Recast of aggregate loan worth R1,10,772 crore has failed since the corporate debt restructuring (CDR) cell was set up in 2001. This follows the failure of 12 recasts in August and September for an exposure of approximately R10,000 crore. Since inception, while the cell has approved loans worth R4 lakh crore, 97 companies with loans of R70,000 crore have successfully exited CDR.
Among the seven companies whose restructuring failed in August were Moser Baer India (R2,050 cr), Kudos Chemie (R1,900 cr), Surana Industries (R870 cr) and Rathi Steel & Power (R430 cr). In September, debt restructuring of five companies including Sujana Towers (R1,060 cr), Shiv-Vani Oil & Gas Exploration Services (R2,100 cr) and Indosolar (R790 cr), failed.
Mythili Balasubramanian, chairman of the CDR cell, recently said that most packages fail because of promoters’ inability to comply with the CDR provisions. “Among the main reasons for restructuring not working out are the inability of promoters to infuse the requisite equity capital within the defined period and non-compliance to CDR agreement in pledging shares in favour of the consortium of lenders,” she said.
Restructuring schemes also often turn futile because promoters are unable to sell non-core assets to mobilise resources as promised.
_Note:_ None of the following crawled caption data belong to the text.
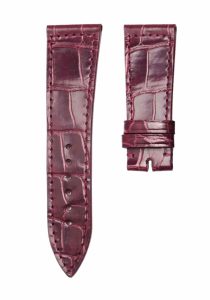 Wine red cane grain alligator leather watch strap for Franck Muller Long Island 952 QZ D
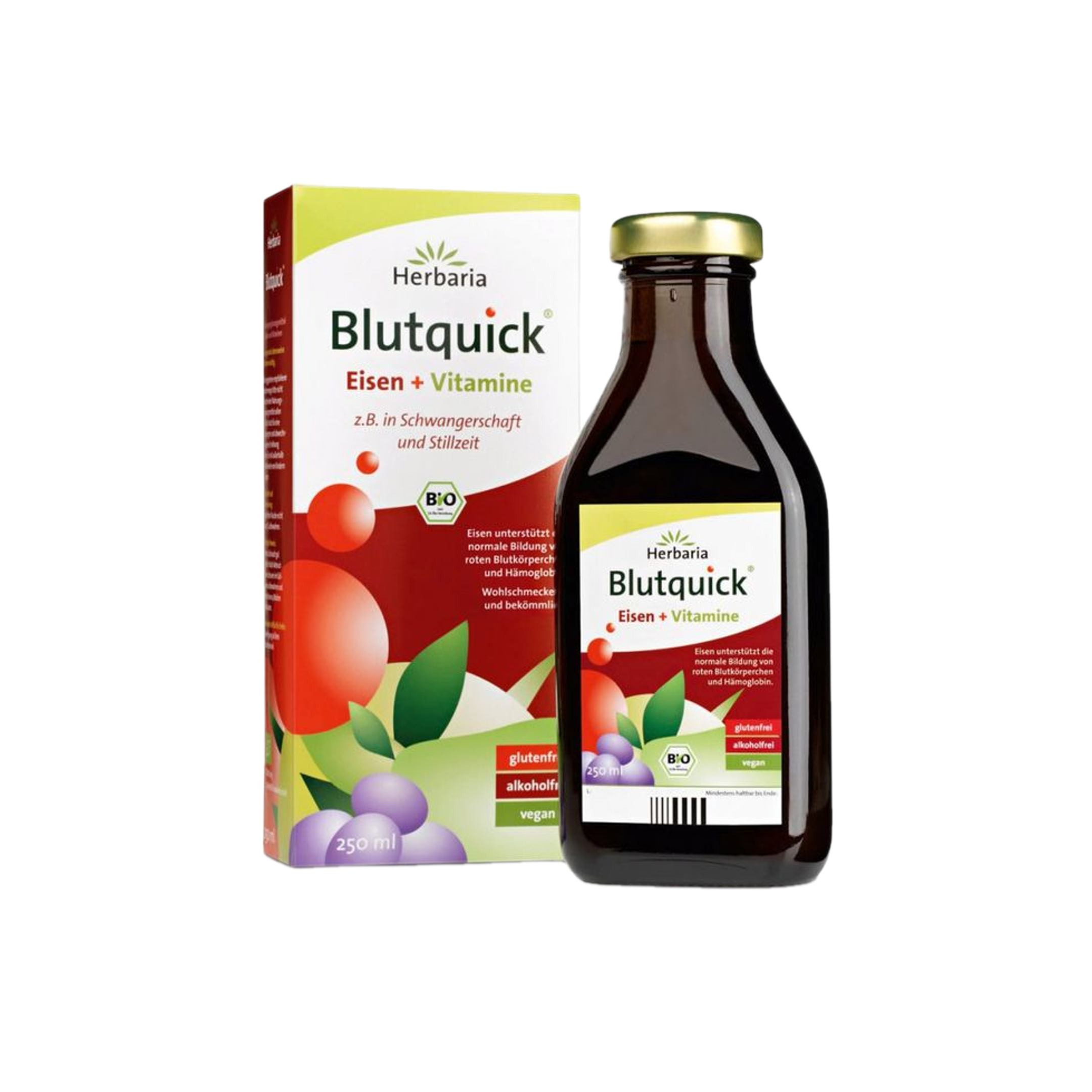 Herbaria Blutquick Organic Iron & Vitamins | Liquid Iron, Vitamin C, B1, B2, B6 & B12 | Red Blood Cell, Energy & Fatigue Support | Vegan | 250 ml | PZN 10534671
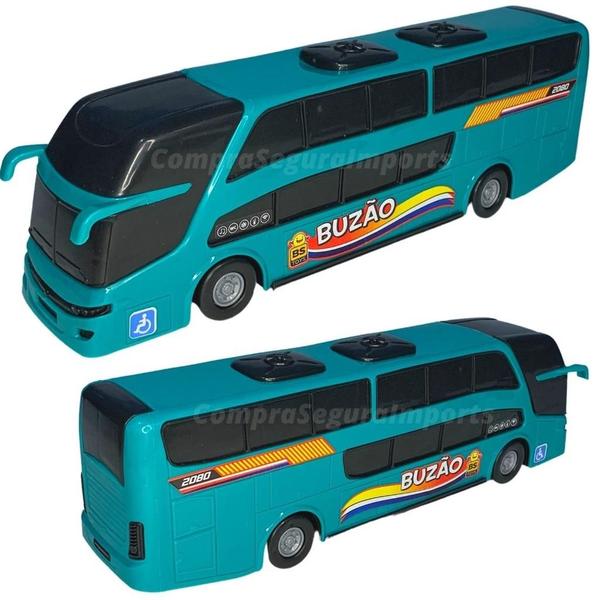 ônibus De Brinquedo Plástico 24,5cm Buzão Realista - Europio Imagem de ônibus De Brinquedo Plástico 24,5cm Buzão Realista
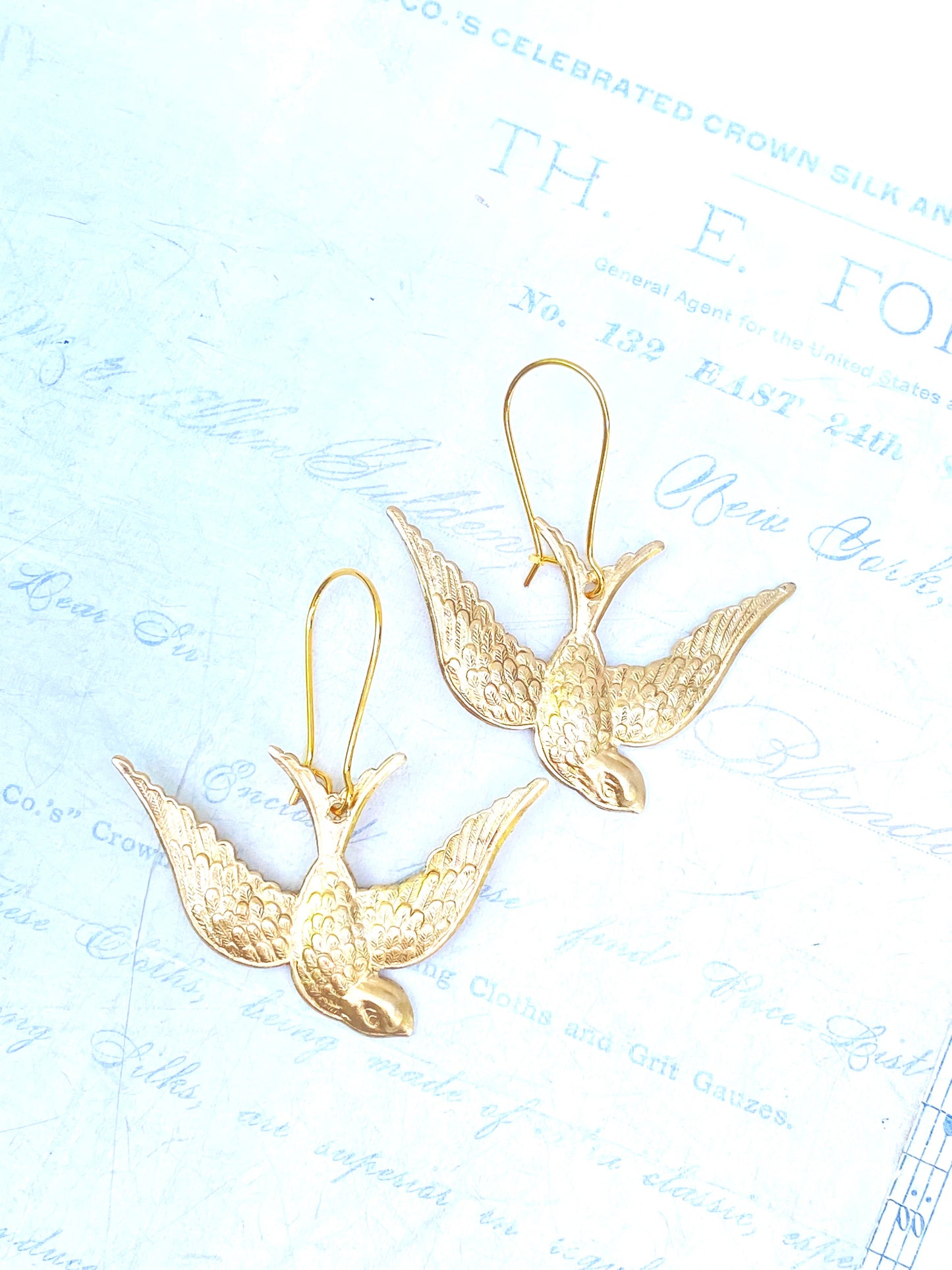 Gold Bird Earrings Flying Sparrow Garden Wedding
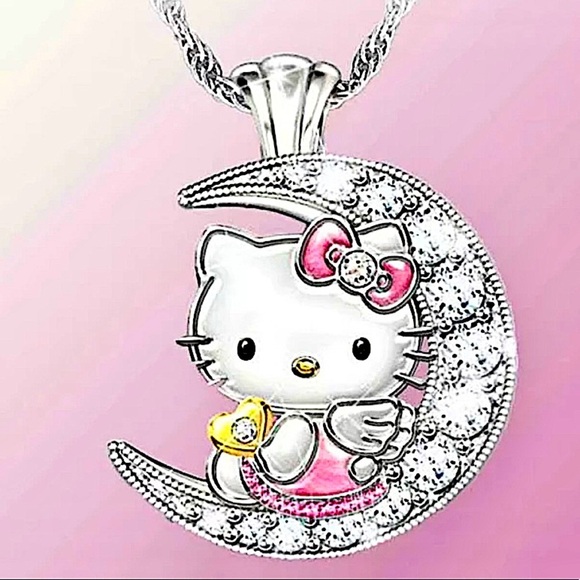 NEW STERLING SILVER HELLO KITTY ZIRCON MOON PENDANT NECKLACE - Picture 4 of 5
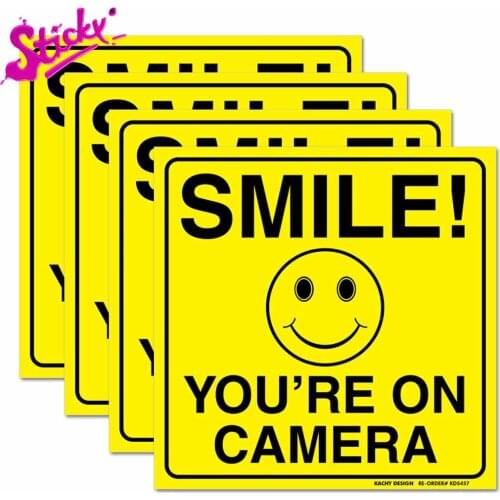 STICKY Smile You're On Camera Sign Warning Plaques & Signs Car Sticker Decal Decor UV Protected & Weatherproof PVC Vinyl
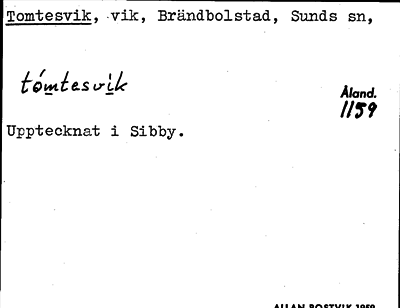 Bild på arkivkortet för arkivposten Tomtesvik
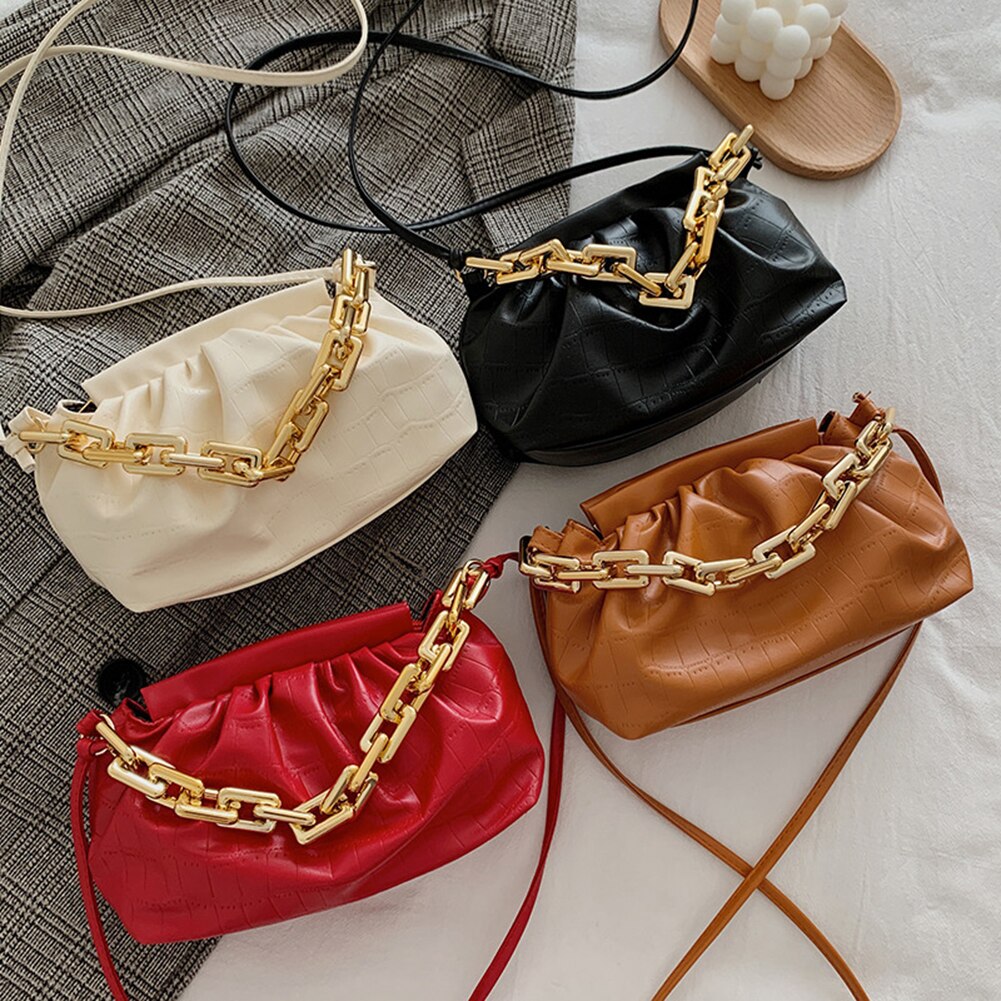 Pleated Crossbody Bags For Women Stone Pattern Retro PU Leather Shoulder Messenger Bag Solid Color Female Chain Handbags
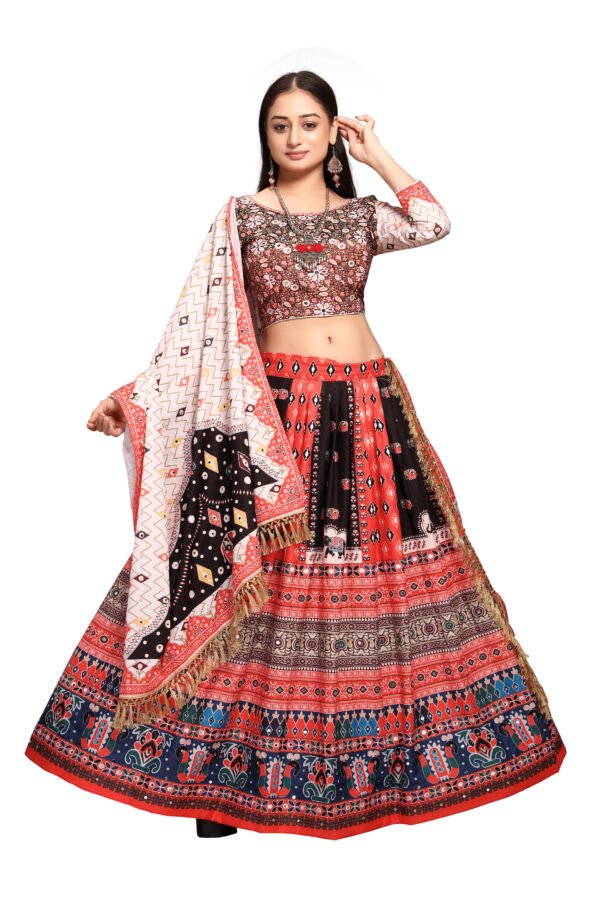 Multi Color Digital Print Chaniya Choli with Full Mirror Work
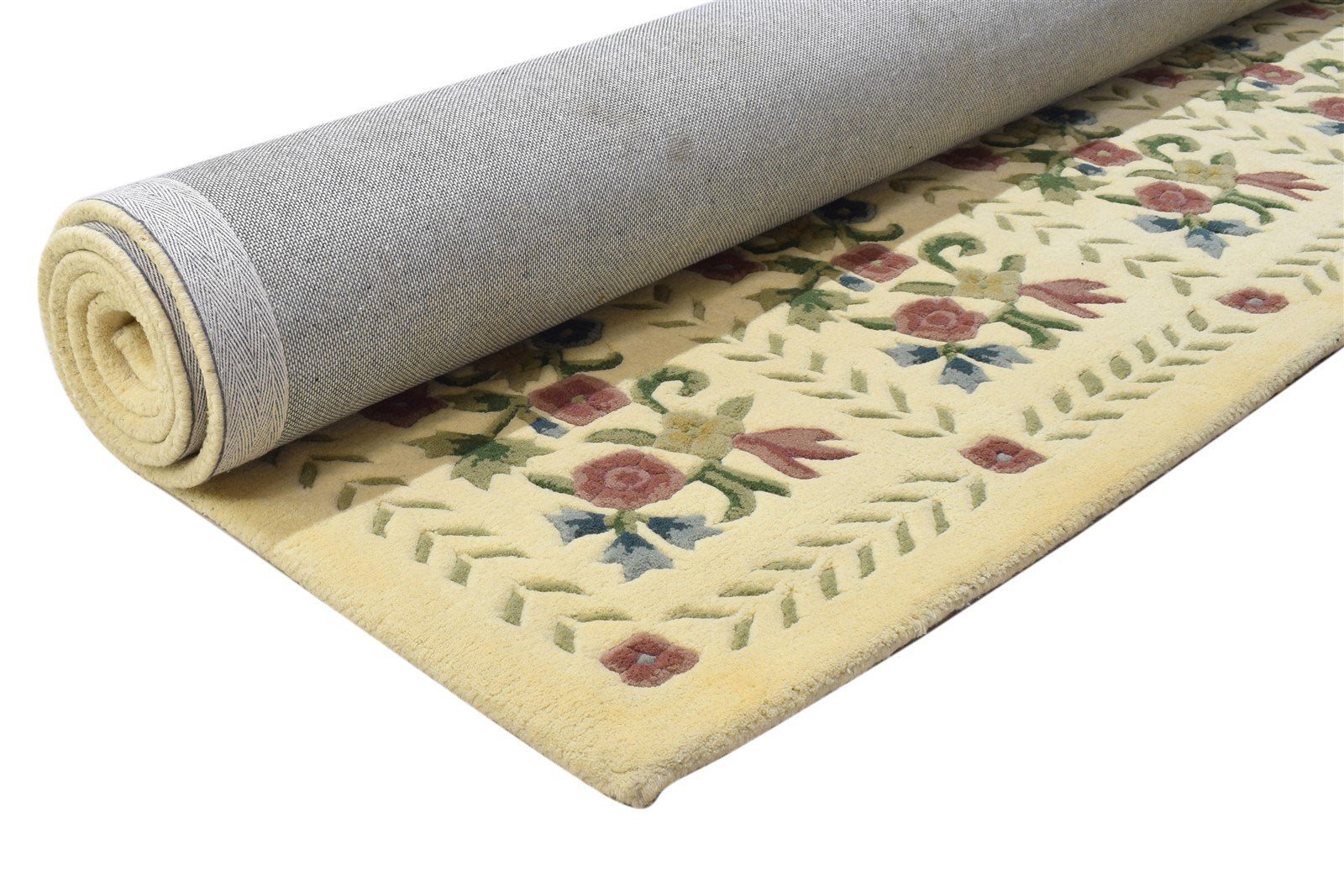 6' X 9' Rug Wool Cream Modern Hand Tufted French Floral Room Size Carpet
Balasubramanian said while the moratorium is generally maintained at two years, lenders need to estimate when the company is able to start servicing its debt. “If a company can’t generate sufficient cash flow even after 5 years of recast, then it is not viable to be recast,” she said, adding that moratorium is provided as stressed companies need a breather to ramp up production.
In 2014, four other companies, with total debt obligation of R14,000 crore that had been restructured to make it easier for them to repay loans, failed at the CDR cell.